» **WHAT IS REQUIRED**
Begin at the line with "Fotografie Chr. Mönsted, Verden, Vor" and set down each line exactly until the listing ends. Images stay out.

» **PROVIDED MATERIAL**
:::

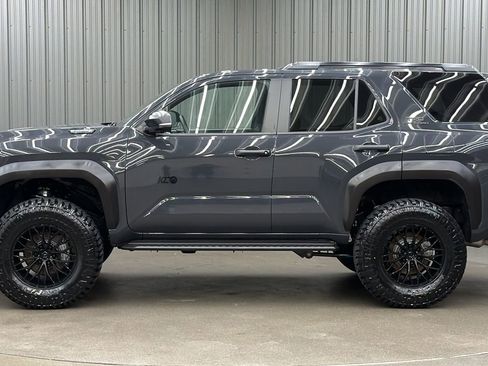 Used 2026 Toyota 4Runner TRD Off-Road Premium AWD/4WD image 2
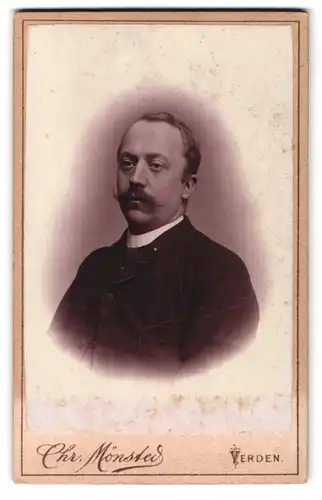 Fotografie Chr. Mönsted, Verden, Vor dem neuen Thor 43, Portrait Herr mit Oberlippenbart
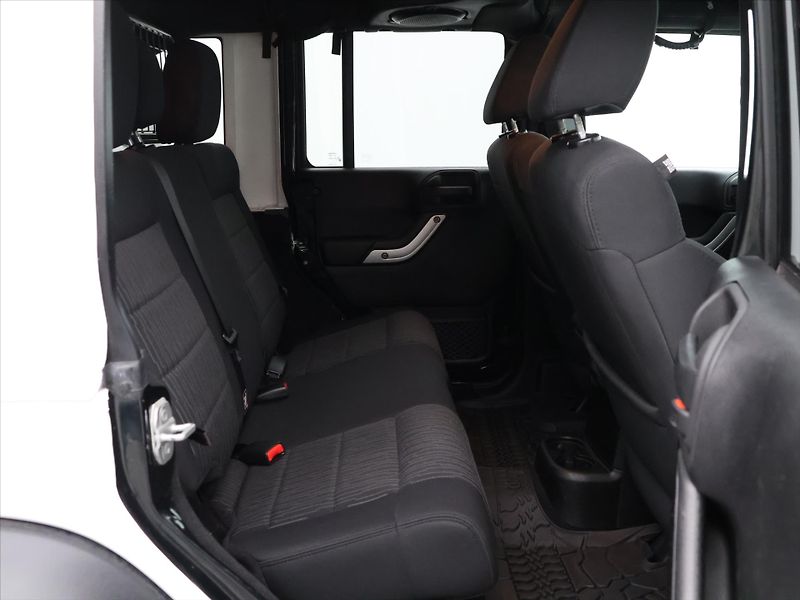 Jeep Wrangler 2,8 CRD 147 kW Unlimited Sport - fotka 13 z 33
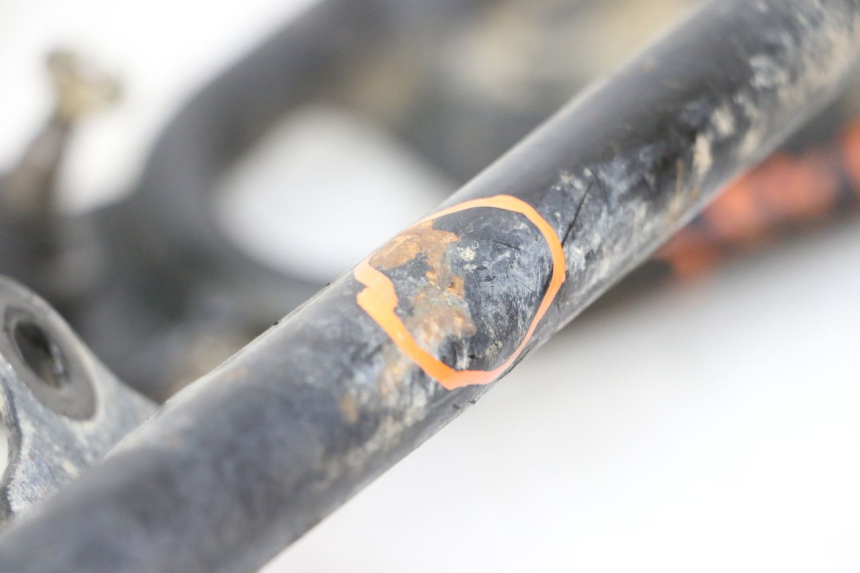 photo de TRIANGLE AVANT YAMAHA YFM R RAPTOR 250 (2008 - 2014) - Zoom état d’usage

:::

» **COMPLETED TASK**
 Fotografie Chr. Mönsted, Verden, Vor dem neuen Thor 43, Portrait Herr mit Oberlippenbart
 Jeep Wrangler 2,8 CRD 147 kW Unlimited Sport - fotka 13 z 33
 photo de TRIANGLE AVANT YAMAHA YFM R RAPTOR 250 (2008 - 2014) - Zoom état d’usage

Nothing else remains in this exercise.